Place

Job Brooks House, 1740

Two story wooden colonial house, pale yellow wooden siding and a central chimney.
The Job Brooks House, 1740

Lou Sideris

Quick Facts
Location:
1265 Lexington Road, Concord MA 01742
Significance:
The Job Brooks House sits on the Bay Road. On April 19, 1775 the British regulars marched past here on their way to Concord, then back again during their fighting retreat to Boston. An intense skirmish took place just yards from this house at Elm Brook Hill.
OPEN TO PUBLIC:
No

Historical/Interpretive Information/Exhibits

On April 19, 1775, Job Brooks (1717-1794) and his family lived in the house he built in 1740, just east of his second cousin Samuel Brooks’s house on the Bay Road in Concord. His house was located on the border of the town of Lincoln in an area that had been owned by members of his family since the mid-17th century. By the time of the Revolution, this area was known as Brooks Hill, and the cluster of houses on it Brooks Village.

In 1740, Hugh Brooks gave land to his son Job, possibly as a wedding present on his marriage to Anna Bridge of Lexington. The present house was built by Job at that time, and quickly filled as their children Mathew, Asa, and Anna were born. Job’s widowed mother joined the household in 1747, and lived with them until her death in 1761. Mathew married and moved to Littleton in 1766. By 1775, the household consisted of Job and Anna, both in their fifties, their daughter Anna (age 25), who married about a week after the events on April 19; and their son Asa and his wife Ruth, both 29. Job died in 1794, leaving the farm to Asa, who finally began to have children at the age of 52 with his third wife, Mary Lawrence. The farm remained in the Brooks family until 1850. Subsequent owners continued to farm the land until 1959, when it was purchased by Minute Man National Historical Park.

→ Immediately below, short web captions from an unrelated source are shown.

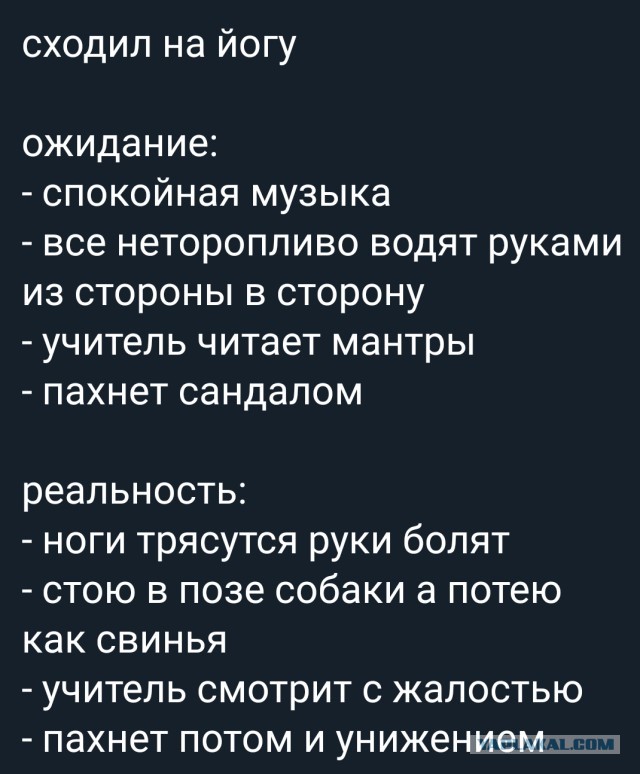 Картинки с надписями, истории и анекдоты 02.11.19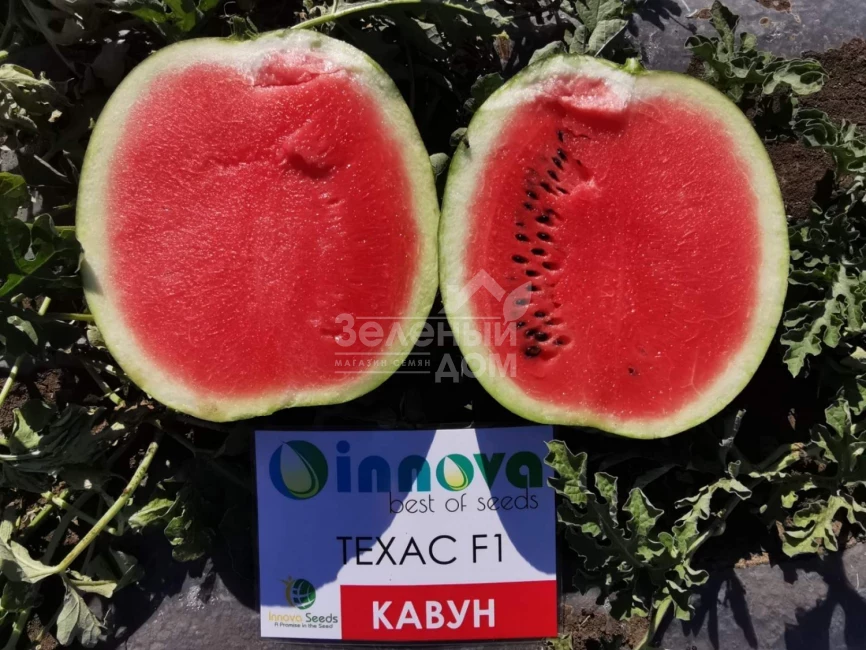 Техас F1 (INX 1724) / Tehas F1 (INX 1724),62-65 дней фото 2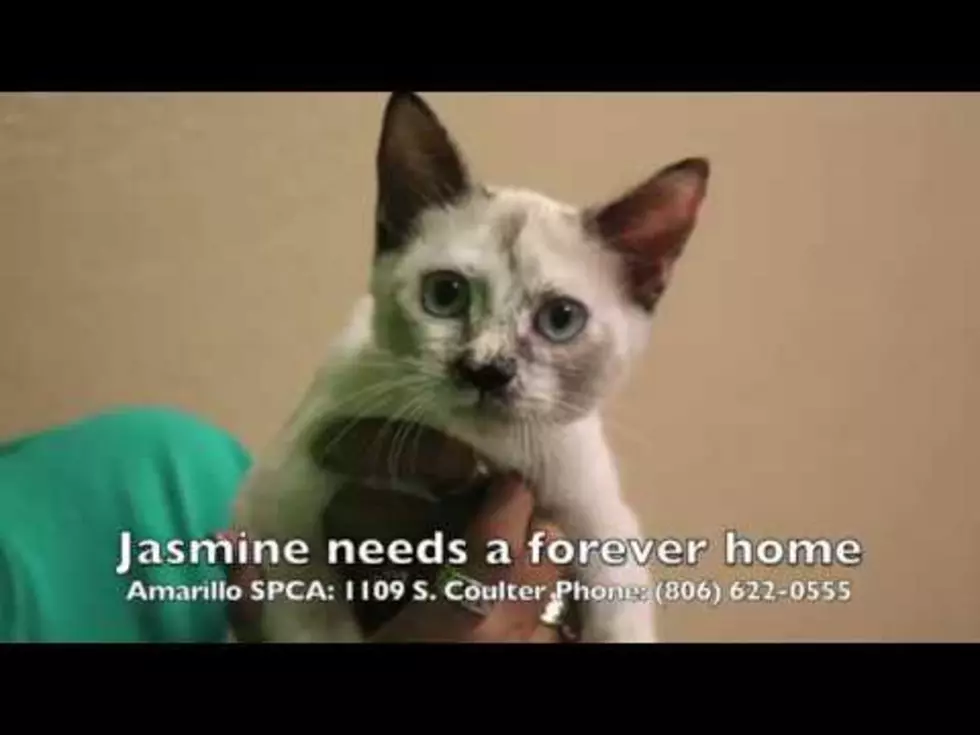 Jasmine Needs the Purrfect Home &#8211; Mix 94.1&#8217;s Adopt-A-Pet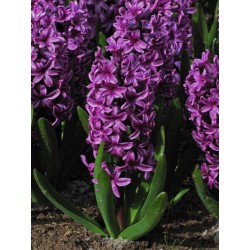 Bulbi zambile Purple Sensation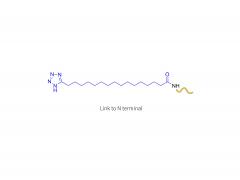 Analogue de l'hormone stimulant les mélanocytes A (N-terminal)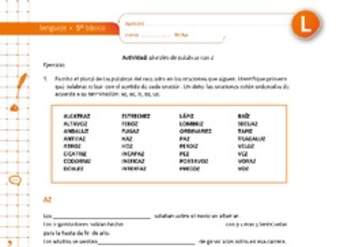 Plurales de palabras con Z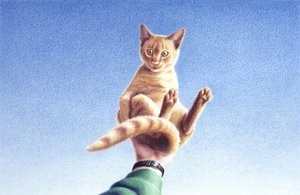 Mano piena da Rene Boin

The farm that Job Brooks owned was 24 acres, slightly below the average size for his
neighborhood. According to local tax records, the farm produced corn, hay, flax (for making linen), oats, and apples. Livestock included oxen, horses, pigs, and occasionally sheep, but the largest amount of livestock were cattle, as many as sixteen in the 1770s, when Job and Asa were running the farm together. Farming in New England involved periods of intense activity. There was plowing and planting in the spring, harvesting in the fall, and times when there was little else to do than feed the livestock. Most farming families also had an occupation to earn extra money during the slower months. For Job and many of his neighbors, the tannery run by his cousin Joshua provided employment. Job was a currier for the tannery. This was a skilled occupation. Curriers finished the tanned
leather by stretching, oiling, and polishing it with a stone.

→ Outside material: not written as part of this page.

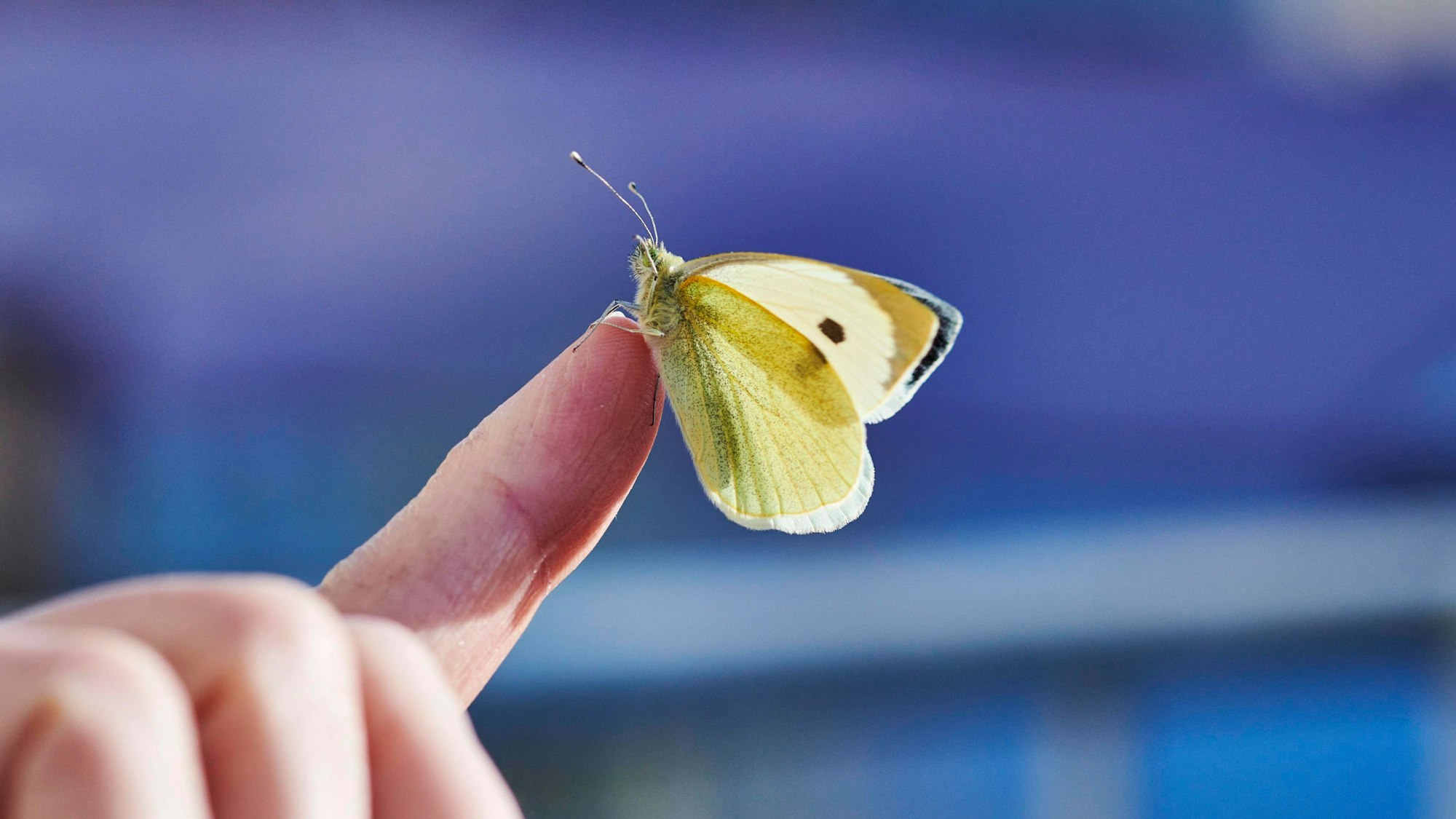 Große Kohlweißling Pieris brassicae, ein Tag alt, kurz vor dem ersten Flug, sitzt auf Finger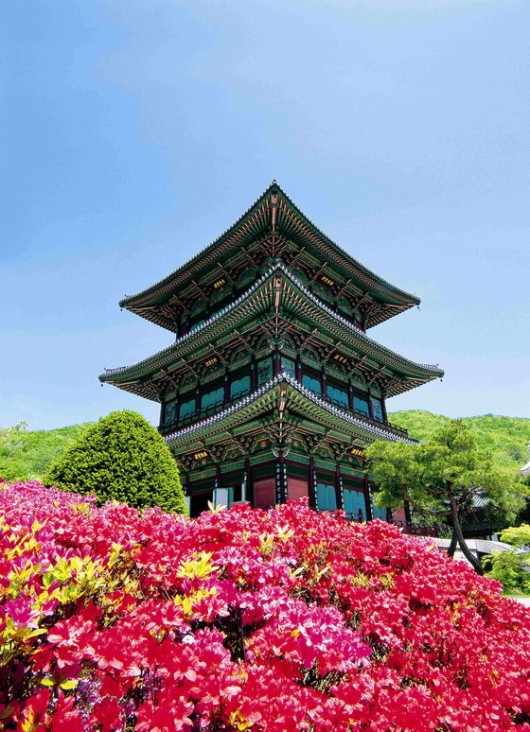 봄꽃 그리우면 “진천 보탑사로 오세요”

When the regulars were sent out from Boston on the morning of April 19, 1775, they followed the Bay Road to Concord. This route took them through the center of Brooks Village. If any of the families were still in their houses when the regulars marched by at about 6:00 AM, they would have seen the soldiers “marching in fine order,” their bayonets “glistening in the sunlight like a field of waving grain,” as one witness later described it. By 1:00 that afternoon, the regulars were passing by again on their way back to Boston after the engagement at Meriam’s Corner. Loammi Baldwin of the Woburn Militia later reported
Woburn rested upon Brooks Hill until they saw the regulars approaching. Baldwin then moved his men into a wooded area just east of Job Brooks’ house where the Bay Road took a sharp turn. As the regulars reached what is now known as Bloody Angle, they were caught in a heavy crossfire from Baldwin’s men on the east, and troops from several other towns who had crossed Joshua Brooks’ tannery field on the west. Eight British soldiers and three Americans died, and many others were wounded at the edge of Brooks Village that day.

At the age of 58 in 1775, Job Brooks was almost too old to be required to join the militia, but his 30-year-old son Asa would have still been drilling regularly. Unfortunately, the records of the Concord militia companies are incomplete for April 19, so we do not know if Job or his son turned out that day. Asa, however, does appear in the records as a sergeant in Captain George Minot’s Militia Company in 1776 and 1778.

Today, the Job Brooks House serves as a storage facility for Minute Man National Historical Park’s archaeological collection of more than a quarter-million artifacts from the early Archaic period (about 10,000 years ago) through the 20th century.